We tested the BET domain inhibitor (BET-I) JQ1 on a subset of our lines, expecting greater sensitivity in luminal/HER2 cells. Cell line GI50s ranged from low nM (<100) to μM (>2.5), with lines that showed high JQ1 sensitivity undergoing apoptosis, while resistant lines had slower cell cycle progression (Figures S7D–F). However, many luminal/HER2 lines sensitive to BRD4 knockdown were JQ1-resistant. By contrast, most basal lines that were sensitive to BRD4 knockdown were JQ1-sensitive (Figure 7C and data not shown). In contrast to previous studies (Shi and Vakoc, 2014), JQ1 sensitivity did not reflect impaired MYC expression: sensitive and resistant cell lines displayed similar decreases in MYC mRNA (Figure S7G), and exogenous MYC did not convert JQ1-sensitive lines to JQ1-resistance (Figure S7H–I).

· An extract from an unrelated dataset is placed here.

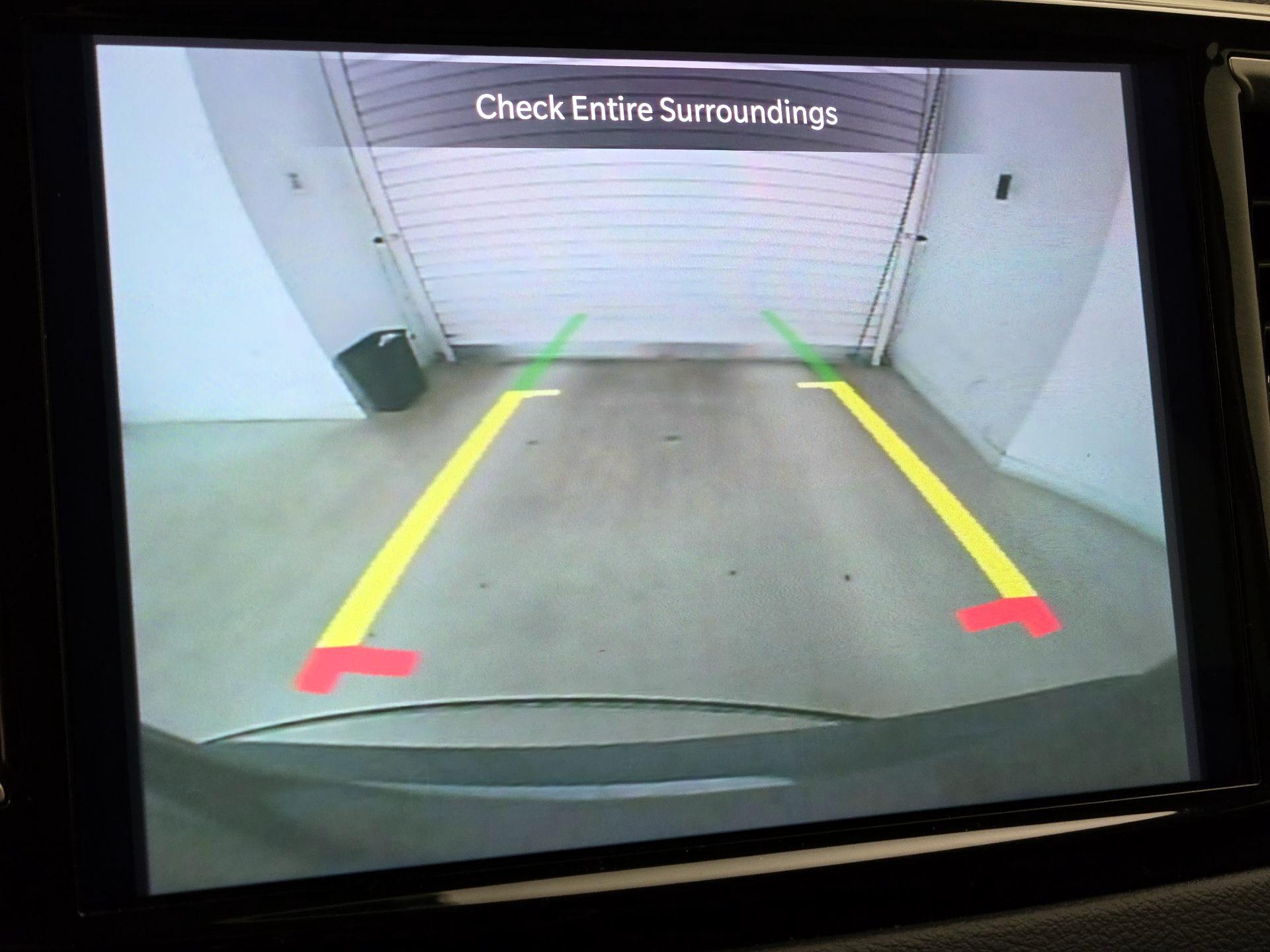 Thumbnail: 2023 Chrysler Pacifica - 14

Instead, integrative analysis revealed a strong correlation between JQ1 resistance and PIK3CA mutation (Figure 7C). Over-expression of wild type or mutant PIK3CA conferred JQ1 resistance on JQ1-sensitive SkBR3 cells (Figure 7D), establishing a causal relationship between PI3K and resistance. Moreover, A66, a PIK3CA-specific inhibitor, but not TGX-221 (PIK3CB-specific), increased the JQ1 sensitivity of resistant cells, as did the mTOR inhibitors rapamycin or Torin (Figures 7E–F). The one basal line (SUM159) sensitive to BRD4 depletion but JQ1-resistant also has a PIK3CA mutation, and PIK3CA inhibitor treatment sensitized these cells to JQ1 (Figure S7J). Finally, combining JQ1 and Everolimus enhanced their respective anti-tumor effects (Figure 7G). In concert, these data indicate that BRD4 has bromodomain (BrD)-dependent and –independent effects in breast cancer cells, and establish PIK3CA mutations as a BET-I resistance mechanism.

Discussion

Most dropout screens analyze relatively few lines of any single cancer histotype. By constrast, we provide gene essentiality data for a large set of breast cancer lines with genomic, proteomic, and drug response annotation, and an analytic tool, siMEM, that more precisely measures differential essentiality. Our results identify and provide initial validation of synthetic lethal relationships with expression subtypes and CNAs, yield insight into essential pathways that correlate with anti-cancer drug response, and reveal general features of functional genomic screens. Illustrating the utility of combining genomic/functional genomic data, we identify and validate BRD4 as a luminal/HER2-selective essential gene, uncover BET-independent requirements for BRD4 in luminal/HER2 cells, and reveal PIK3CA mutations as a potential resistance mechanism to BET-Is in vitro and in vivo.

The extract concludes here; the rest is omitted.